Ces trois événements marquants en quelques mois ont alerté l’Autorité de sûreté nucléaire. « Le volume est très faible. On parle de moins de 10 événements en 2023 et 2024. Mais c’est la dégradation qui nous inquiète plus que le nombre lui-même. Il y a quatre ou cinq ans, on n’avait plus ces événements-là», assure Emilie Jambu. Interrogée sur les raisons de cette progression, la responsable de la division Nantes à l’ASN avoue qu’elle n’a pas toutes les réponses. « Nous savons qu’il y a parfois des pénuries de personnel qui conduisent à l’annulation de visites préalables. Mais ce n’est qu’une idée.
« Avant, il était impossible de se tromper »
Si le recrutement des techniciens en radiothérapie n’est pas simple, il ne serait pas à l’origine de ces erreurs, selon le Dr Erik Monpetit. « En 2023, nous avons réalisé 216 000 soins de patients en radiothérapie en France. Et nous avons trois événements qui ont fait l’objet de reportages. C’est très peu. Mais je reconnais que c’est trois de trop», explique le président du Syndicat national des radio-oncologues. Pour lui, ces erreurs sont davantage dues aux progrès spectaculaires dans le traitement du cancer du sein. « Avant, la plupart des femmes se faisaient enlever le sein ou avaient une cicatrice très visible. Il était impossible de se tromper. Mais depuis trois ou quatre ans, il est de plus en plus difficile de savoir quel sein a été opéré », explique la praticienne basée à Vannes (Morbihan).
Le « point de tatouage » qui marquait à vie les seins des femmes traitées a également disparu grâce aux progrès technologiques.

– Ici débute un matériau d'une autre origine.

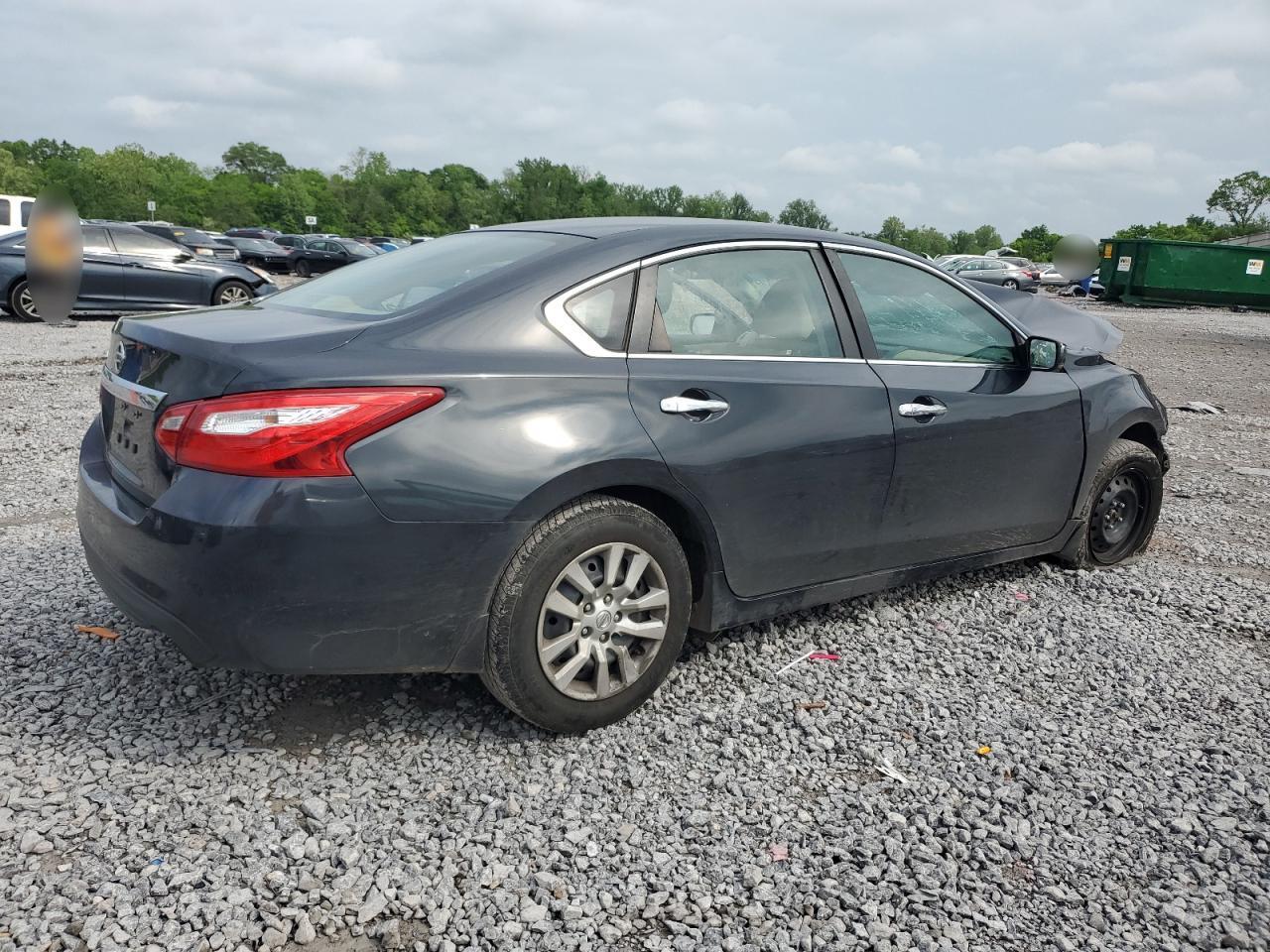 2017 Nissan Altima 2.5 - Фото 3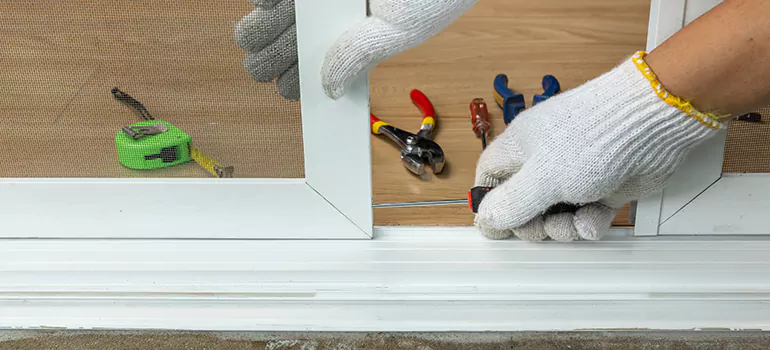Installing Garage Door Rails in Safety Harbor, FL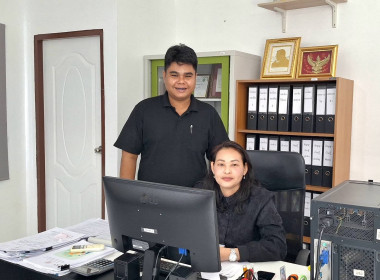 เข้าแนะนำส่งเสริมแผนเพื่อยกระดับการบริหารจัดการทางการเงินของสหกรณ์นอกภาคการเกษตรและพัฒนาการดำเนินธุรกิจสหกรณ์นอกภาคการเกษตร ณ สหกรณ์รถบริการและการท่องเที่ยวตำบลกระรน จำกัด ... พารามิเตอร์รูปภาพ 3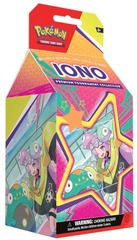 Pokemon Iono Premium Tournament Collection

Le développement rapide des appareils de radiothérapie a également dépassé les commentaires des patients. Auparavant, les femmes pouvaient alerter le manipulateur lorsqu’elles voyaient l’appareil s’approcher de la mauvaise zone ou lorsqu’elles étaient obligées de lever le mauvais bras. «Aujourd’hui, la patiente ne voit plus quel sein on va traiter car la machine tourne autour d’elle», poursuit le Dr Monpetit. La réduction du nombre de séances a également permis de réduire les rougeurs liées aux brûlures générées par le traitement. Des progrès qui profitent au patient mais obligent les praticiens à être encore plus vigilants. « Il suffit d’une erreur sur une mammographie ou d’un rapport mal rédigé. Avant, ces erreurs étaient détectées. Mais aujourd’hui, on ne voit presque plus rien», assume le professeur Véronique Vendrely.
Un petit fil le long de la cicatrice
Élu en janvier à la tête de la Société française de radiothérapie oncologique (SFRO), le professeur Vendrely a alerté l’ensemble de sa profession, appelant à la plus grande vigilance face à ces erreurs de latéralité. Il pourrait s’inspirer des travaux menés au centre d’oncologie Saint-Yves de Vannes, où un fil discret est posé le long de la cicatrice des patients, afin de la rendre plus visible lors de leur traitement. Pour limiter les risques d’erreur, il est également conseillé d’effectuer plusieurs contrôles par des personnes différentes.
Un groupe de travail réunissant des professionnels du secteur et l’Autorité de sûreté nucléaire sera également créé pour analyser chacune des défaillances.